Regarding the reason why only the lysed RBC solution had a toxic influence on the spinal cord, Dutra et al. reported that one of the toxicities of hemolyzed RBCs was attributed to heme, an iron complex released from hemoglobin in the pathological process of hemolytic diseases such as hemolytic anemia and sickle cell disease [911, 28]. Indeed, the heme content in the lysed RBC solution was much greater than that in the packed RBC solution (Fig. 2c). These results suggested that rather than the RBCs themselves, it was the heme from the hemolyzed RBCs in the lesions that was associated with the pathological process after SCI (Fig. 1e, f).

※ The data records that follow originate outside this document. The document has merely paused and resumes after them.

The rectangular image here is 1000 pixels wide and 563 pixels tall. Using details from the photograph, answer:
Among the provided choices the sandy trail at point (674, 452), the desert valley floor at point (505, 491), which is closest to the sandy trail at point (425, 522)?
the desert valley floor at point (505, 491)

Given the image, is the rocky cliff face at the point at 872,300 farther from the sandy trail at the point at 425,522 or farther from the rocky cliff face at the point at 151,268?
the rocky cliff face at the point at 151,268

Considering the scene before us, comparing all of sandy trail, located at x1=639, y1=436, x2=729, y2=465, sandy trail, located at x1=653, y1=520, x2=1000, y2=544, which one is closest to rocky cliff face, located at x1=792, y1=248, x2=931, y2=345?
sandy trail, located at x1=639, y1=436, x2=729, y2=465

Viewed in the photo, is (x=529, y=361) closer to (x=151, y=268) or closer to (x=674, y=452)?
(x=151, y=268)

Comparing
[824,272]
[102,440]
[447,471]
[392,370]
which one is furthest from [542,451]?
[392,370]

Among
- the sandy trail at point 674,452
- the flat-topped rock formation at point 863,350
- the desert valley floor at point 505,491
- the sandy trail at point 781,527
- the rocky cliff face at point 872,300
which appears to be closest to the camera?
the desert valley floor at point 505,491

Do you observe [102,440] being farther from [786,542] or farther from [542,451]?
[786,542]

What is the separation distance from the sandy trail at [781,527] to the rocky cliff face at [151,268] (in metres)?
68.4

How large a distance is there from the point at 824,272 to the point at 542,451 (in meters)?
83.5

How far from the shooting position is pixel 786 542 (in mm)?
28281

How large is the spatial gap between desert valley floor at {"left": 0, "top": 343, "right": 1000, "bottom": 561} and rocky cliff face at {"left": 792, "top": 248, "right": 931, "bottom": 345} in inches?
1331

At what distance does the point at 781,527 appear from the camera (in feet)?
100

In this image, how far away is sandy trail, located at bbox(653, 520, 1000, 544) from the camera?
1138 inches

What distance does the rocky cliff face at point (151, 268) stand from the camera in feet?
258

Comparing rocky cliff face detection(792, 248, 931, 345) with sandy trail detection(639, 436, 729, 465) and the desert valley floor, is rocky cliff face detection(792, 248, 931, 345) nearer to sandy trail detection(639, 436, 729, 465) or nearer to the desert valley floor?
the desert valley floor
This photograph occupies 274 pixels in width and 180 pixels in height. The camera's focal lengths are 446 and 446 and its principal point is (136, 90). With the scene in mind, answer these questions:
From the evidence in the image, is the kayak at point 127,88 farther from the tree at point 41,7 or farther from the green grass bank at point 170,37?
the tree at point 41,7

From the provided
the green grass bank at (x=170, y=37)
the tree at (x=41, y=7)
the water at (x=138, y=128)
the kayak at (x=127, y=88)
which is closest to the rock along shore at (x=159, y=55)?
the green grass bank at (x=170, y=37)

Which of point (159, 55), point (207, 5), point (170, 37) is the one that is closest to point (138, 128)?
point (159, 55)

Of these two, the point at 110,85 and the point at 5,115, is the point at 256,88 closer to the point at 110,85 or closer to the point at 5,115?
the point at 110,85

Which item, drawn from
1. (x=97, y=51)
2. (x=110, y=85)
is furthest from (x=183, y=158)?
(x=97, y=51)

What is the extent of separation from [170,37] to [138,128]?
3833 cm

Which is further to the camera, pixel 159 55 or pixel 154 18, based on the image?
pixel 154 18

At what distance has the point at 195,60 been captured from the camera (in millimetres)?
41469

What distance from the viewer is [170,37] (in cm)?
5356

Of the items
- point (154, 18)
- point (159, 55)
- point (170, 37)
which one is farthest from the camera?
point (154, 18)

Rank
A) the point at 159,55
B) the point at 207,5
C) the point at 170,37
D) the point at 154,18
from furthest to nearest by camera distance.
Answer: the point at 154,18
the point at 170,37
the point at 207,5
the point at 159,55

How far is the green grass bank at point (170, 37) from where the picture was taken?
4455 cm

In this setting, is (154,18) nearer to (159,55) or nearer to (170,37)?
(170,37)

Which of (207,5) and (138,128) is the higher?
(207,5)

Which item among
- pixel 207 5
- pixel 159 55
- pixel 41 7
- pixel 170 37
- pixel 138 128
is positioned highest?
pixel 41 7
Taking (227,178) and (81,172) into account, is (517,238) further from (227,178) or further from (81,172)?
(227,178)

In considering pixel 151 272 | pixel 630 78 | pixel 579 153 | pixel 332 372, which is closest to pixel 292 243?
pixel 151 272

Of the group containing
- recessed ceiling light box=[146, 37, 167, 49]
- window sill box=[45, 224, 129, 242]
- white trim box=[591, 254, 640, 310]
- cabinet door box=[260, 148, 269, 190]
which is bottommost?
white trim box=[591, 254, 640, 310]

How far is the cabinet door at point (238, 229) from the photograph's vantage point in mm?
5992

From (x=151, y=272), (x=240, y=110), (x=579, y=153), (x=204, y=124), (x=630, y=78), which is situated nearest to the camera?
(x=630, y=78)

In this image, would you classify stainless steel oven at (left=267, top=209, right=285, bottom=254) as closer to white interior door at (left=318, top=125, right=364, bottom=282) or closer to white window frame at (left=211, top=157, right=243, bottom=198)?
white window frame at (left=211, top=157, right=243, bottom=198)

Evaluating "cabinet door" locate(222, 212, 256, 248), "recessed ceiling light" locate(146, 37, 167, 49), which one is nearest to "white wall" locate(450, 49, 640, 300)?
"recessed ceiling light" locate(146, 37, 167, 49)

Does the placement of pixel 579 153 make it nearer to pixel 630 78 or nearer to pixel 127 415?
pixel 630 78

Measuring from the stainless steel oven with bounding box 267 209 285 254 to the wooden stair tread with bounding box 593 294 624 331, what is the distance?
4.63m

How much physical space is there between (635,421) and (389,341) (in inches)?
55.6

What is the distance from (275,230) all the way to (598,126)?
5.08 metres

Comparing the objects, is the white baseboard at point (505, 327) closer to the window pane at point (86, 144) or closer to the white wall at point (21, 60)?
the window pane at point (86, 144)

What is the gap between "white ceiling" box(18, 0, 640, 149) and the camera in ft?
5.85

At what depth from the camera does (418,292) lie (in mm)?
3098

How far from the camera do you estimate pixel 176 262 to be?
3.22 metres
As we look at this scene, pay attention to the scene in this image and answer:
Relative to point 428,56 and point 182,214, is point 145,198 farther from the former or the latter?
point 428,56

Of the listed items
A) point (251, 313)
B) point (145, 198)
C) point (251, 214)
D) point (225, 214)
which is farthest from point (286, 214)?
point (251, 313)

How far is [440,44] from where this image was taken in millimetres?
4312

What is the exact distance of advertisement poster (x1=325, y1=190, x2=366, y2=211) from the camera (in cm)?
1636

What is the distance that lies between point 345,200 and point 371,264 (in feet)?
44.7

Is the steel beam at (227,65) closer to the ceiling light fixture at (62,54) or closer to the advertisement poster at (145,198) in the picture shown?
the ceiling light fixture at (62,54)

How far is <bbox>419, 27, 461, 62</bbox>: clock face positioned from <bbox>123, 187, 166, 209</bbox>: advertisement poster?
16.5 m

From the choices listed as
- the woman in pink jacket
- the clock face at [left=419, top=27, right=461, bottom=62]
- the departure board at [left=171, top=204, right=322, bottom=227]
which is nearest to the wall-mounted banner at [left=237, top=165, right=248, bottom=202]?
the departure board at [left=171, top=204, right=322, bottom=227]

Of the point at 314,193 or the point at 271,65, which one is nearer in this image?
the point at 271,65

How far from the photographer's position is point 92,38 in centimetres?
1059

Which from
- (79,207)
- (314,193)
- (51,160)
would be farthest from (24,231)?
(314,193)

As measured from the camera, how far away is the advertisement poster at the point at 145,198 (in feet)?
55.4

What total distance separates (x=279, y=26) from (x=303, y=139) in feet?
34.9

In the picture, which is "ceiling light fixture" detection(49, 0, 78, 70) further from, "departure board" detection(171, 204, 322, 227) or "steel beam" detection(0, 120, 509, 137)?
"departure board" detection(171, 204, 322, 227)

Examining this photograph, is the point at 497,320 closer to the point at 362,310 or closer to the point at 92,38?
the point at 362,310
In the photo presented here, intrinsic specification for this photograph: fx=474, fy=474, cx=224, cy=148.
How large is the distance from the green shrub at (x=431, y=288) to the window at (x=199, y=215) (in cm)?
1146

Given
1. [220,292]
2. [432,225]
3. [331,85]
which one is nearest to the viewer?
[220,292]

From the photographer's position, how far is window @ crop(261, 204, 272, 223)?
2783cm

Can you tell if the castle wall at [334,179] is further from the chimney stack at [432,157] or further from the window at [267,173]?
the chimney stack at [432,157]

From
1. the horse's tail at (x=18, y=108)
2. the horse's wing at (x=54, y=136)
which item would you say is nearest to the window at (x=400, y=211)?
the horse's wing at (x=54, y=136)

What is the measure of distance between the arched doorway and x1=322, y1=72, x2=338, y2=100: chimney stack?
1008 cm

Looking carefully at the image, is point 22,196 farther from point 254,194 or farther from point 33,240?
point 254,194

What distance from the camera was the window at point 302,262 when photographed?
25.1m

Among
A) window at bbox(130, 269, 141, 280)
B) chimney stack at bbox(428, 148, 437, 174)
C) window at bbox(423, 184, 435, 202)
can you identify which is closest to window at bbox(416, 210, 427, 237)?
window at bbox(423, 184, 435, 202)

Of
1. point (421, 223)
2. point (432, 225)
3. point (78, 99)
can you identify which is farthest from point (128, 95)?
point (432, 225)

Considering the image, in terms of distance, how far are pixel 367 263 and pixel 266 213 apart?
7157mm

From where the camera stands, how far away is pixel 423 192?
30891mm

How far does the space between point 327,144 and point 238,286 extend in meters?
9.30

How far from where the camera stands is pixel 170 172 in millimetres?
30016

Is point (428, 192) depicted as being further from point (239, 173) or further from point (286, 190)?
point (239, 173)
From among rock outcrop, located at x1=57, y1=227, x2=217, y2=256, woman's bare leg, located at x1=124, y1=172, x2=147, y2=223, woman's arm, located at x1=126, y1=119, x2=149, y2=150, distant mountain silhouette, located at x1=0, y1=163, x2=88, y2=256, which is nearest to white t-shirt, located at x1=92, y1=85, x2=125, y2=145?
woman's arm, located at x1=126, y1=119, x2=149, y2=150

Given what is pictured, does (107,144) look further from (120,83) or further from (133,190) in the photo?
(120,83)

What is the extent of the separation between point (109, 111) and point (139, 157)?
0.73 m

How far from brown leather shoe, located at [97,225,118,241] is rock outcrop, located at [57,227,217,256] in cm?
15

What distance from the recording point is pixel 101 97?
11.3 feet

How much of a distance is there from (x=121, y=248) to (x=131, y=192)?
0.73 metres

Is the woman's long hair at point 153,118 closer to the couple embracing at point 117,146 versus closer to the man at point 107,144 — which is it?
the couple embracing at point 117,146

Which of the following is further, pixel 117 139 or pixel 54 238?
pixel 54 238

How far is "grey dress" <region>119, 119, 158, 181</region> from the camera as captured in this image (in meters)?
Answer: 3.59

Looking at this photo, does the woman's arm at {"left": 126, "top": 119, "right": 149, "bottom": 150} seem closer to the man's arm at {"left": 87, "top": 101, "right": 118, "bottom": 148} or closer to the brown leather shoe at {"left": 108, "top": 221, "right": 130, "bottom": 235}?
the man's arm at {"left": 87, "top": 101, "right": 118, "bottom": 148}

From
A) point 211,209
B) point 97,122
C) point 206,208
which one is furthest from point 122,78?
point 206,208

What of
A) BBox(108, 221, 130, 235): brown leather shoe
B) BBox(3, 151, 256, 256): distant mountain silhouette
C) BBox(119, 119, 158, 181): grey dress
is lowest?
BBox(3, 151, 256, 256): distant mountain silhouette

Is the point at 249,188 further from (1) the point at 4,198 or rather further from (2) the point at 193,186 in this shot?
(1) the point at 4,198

In fact, we confirmed that the intralesional heme content was significantly increased in the lesion area after SCI (Fig. 2d). In addition, we revealed that the expression levels of heme-related enzymes, hemopexin (Hpx) and heme oxygenage-1 (Hmox1), were also significantly increased at the lesion area (Fig. 2e), indicating that intralesional hemolysis was actually involved in the SCI pathology (Fig. 2f).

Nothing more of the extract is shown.